From the first line to the last, restate the records word for word, skipping the pictures.

* Short text fragments from websites:
===

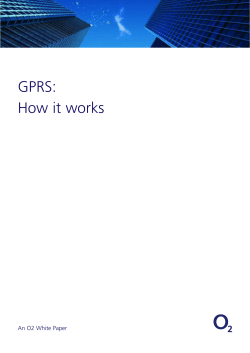 GPRS: How it works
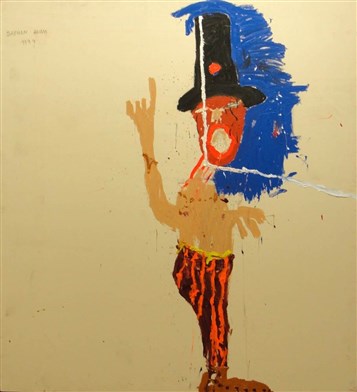 [Painting by Sabhan Adam (b. 1972, Syria). Image from sabhanadam.com]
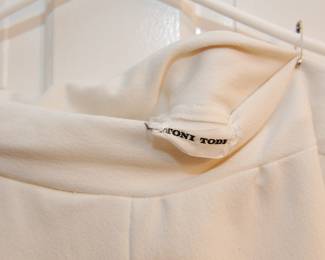 White palazzo pants! We have a lot of vintage clothing including dresses, c. 1950's to 1990's, homemade and designer!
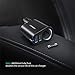 Dual USB QC 3.0 Car Charger with Socket Black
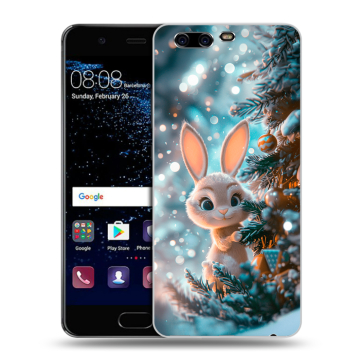 Силиконовый чехол на Huawei P10 с принтом Новый год Силиконовый чехол на Huawei P10 с принтом Новый год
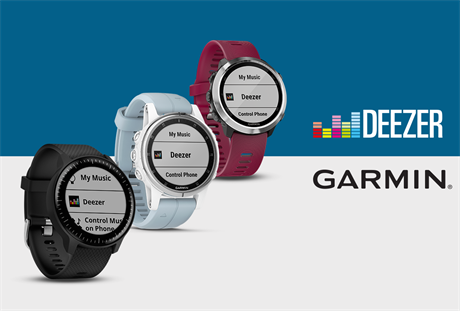 Hudební streamování pes Deezer konen funguje na hodinkách Garmin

===

* Result:
 GPRS: How it works
 [Painting by Sabhan Adam (b. 1972, Syria). Image from sabhanadam.com]
 White palazzo pants! We have a lot of vintage clothing including dresses, c. 1950's to 1990's, homemade and designer!
 Dual USB QC 3.0 Car Charger with Socket Black
 Силиконовый чехол на Huawei P10 с принтом Новый год Силиконовый чехол на Huawei P10 с принтом Новый год
 Hudební streamování pes Deezer konen funguje na hodinkách Garmin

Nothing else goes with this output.